Last year Flume’s self-titled album beat One Direction for the number one spot in his home country of Australia. An impressive feat for a man whose musical inspiration was first piqued by a CD that he got free with a box of cereal. It’s plain to see why Harley Stretten’s sounds proved so popular in Oz; the chilled down melodies are perfect sunshine listening. Now being released in Ireland, the young Sydney man from Manly presents us sun-deprived Paddies with an idiosyncratic style built on off-kilter beats and soulful vocal samplings.

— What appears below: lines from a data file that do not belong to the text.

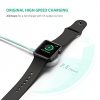 UGREEN CD177 5V / 1A Apple MFi Certified Magnetic Wireless Charger Charging Cable, Cable Length: 1m, For All Apple Watch 38mm and 42mm - Image 3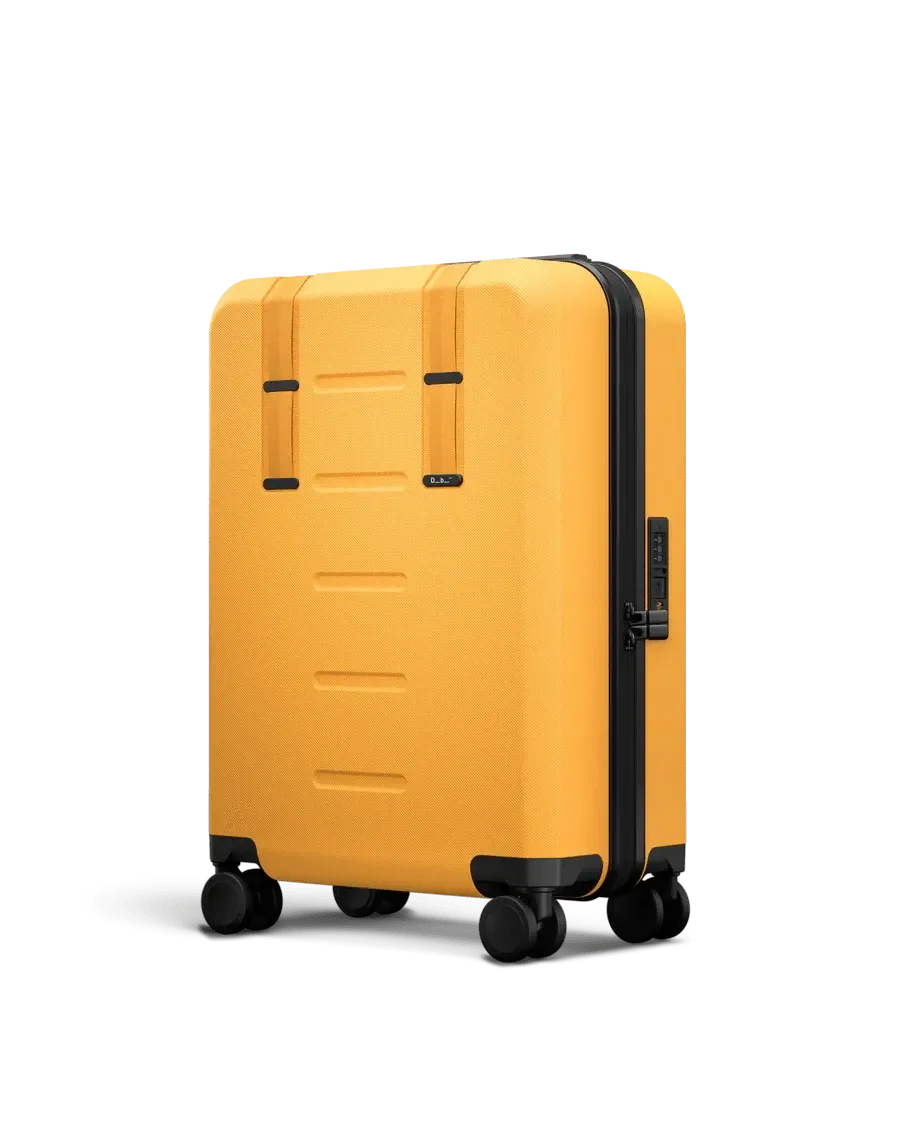 Ramverk Carry-On Luggage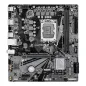 Gigabyte Placa Base H610M D3W DDR5 mATX 1700 Gigabyte Placa Base H610M D3W DDR5 mATX 1700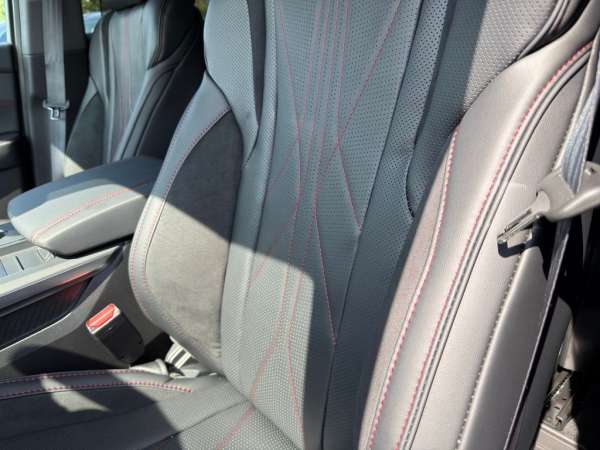 2026 Acura MDX Type S w/Advance Package - photo 13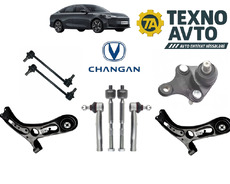 Changan A05 2020-2025 - Ehtiyat Hissələri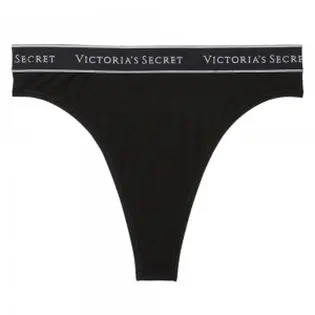 Нижня білизна MINDD 5-Pack Mid-Rise Thong Panties Pink M/L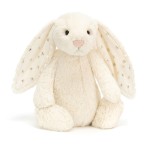 Jellycat Bashful Bunny - Twinkle (Out of Stock)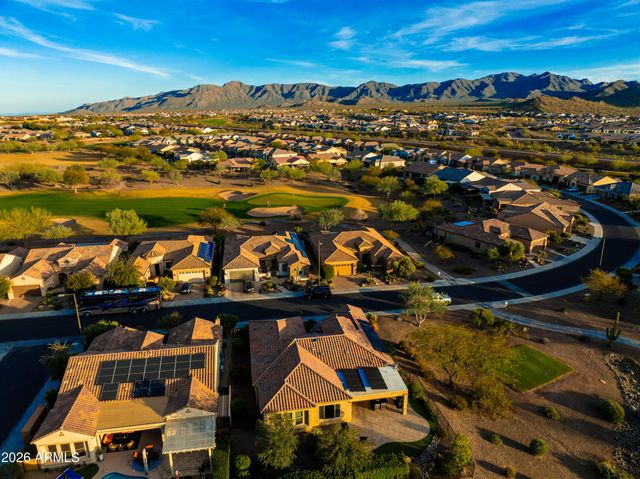 19672 N 267TH Avenue, Buckeye, AZ 85396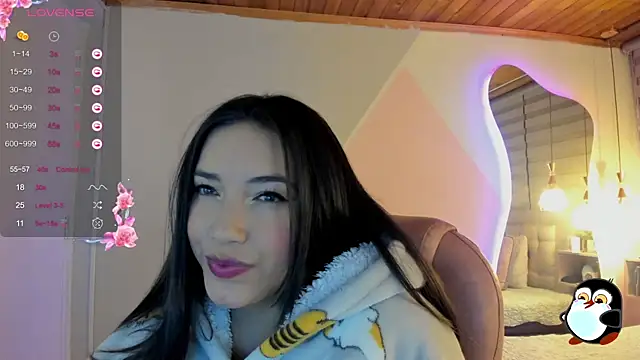 cristal__hot_1 现场XXX聊天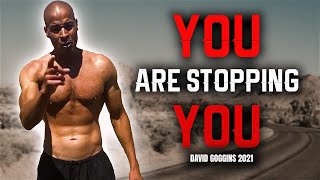 FOCUS YOUR MIND  Best of David Goggins Compilation  Powerful Motivational Speech [upl. by Attenauqa]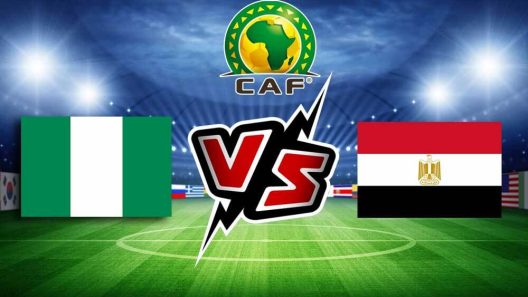 مشاهدة مباراة مصر ونيجيريا بث مباشر اليوم 18-5-2025 المباراة الترتيبية ضمن كأس أفريقيا للشباب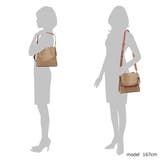 コーチ ハンドバッグ シグネチャー | AXES | 詳細画像4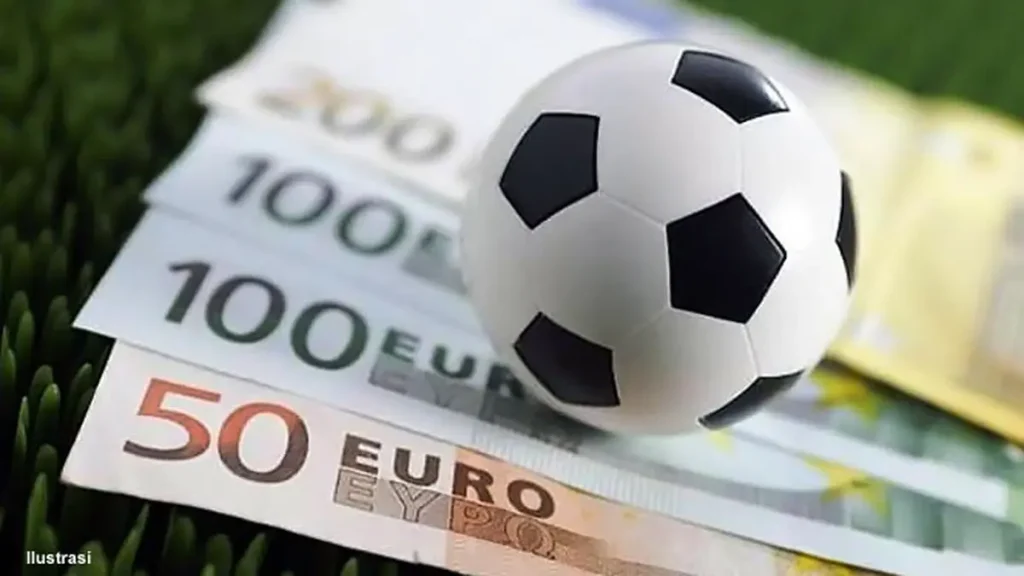 Meningkatkan Keterampilan Taruhan Anda dalam Judi Bola Online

The 15 track offering may have been a tad ambitious, considering the attention span of most modern dance music aficionados lasts about as long as it takes to squeal the word ‘Skrillex’. Despite its considerable length though, Flume does manage to sustain a theme, with a melancholic trippy feel throughout. The opening track ‘Sintra’ is evidence of such, while ‘On Top’ presents a brilliantly fresh take on the hip-hop laced dance-floor anthem number which has become so all-pervasive.
Despite the odd gem, Flume does run out of both ideas and steam pretty quickly. Although no-one expects lyricism or vocals to define Stretten’s work, the repetitive use of short sample cuttings becomes head-ache inducing on tracks like ‘Ezra’ and the ironically christened ‘Stay Close’. As a piece of work though, Flume must be commended, because it’s definitely better than One Direction, which isn’t actually that much of a complement.
In a Nutshell: Easy to listen to, but easy to forget what you are listening to. Ultimately a lightweight sonic offering.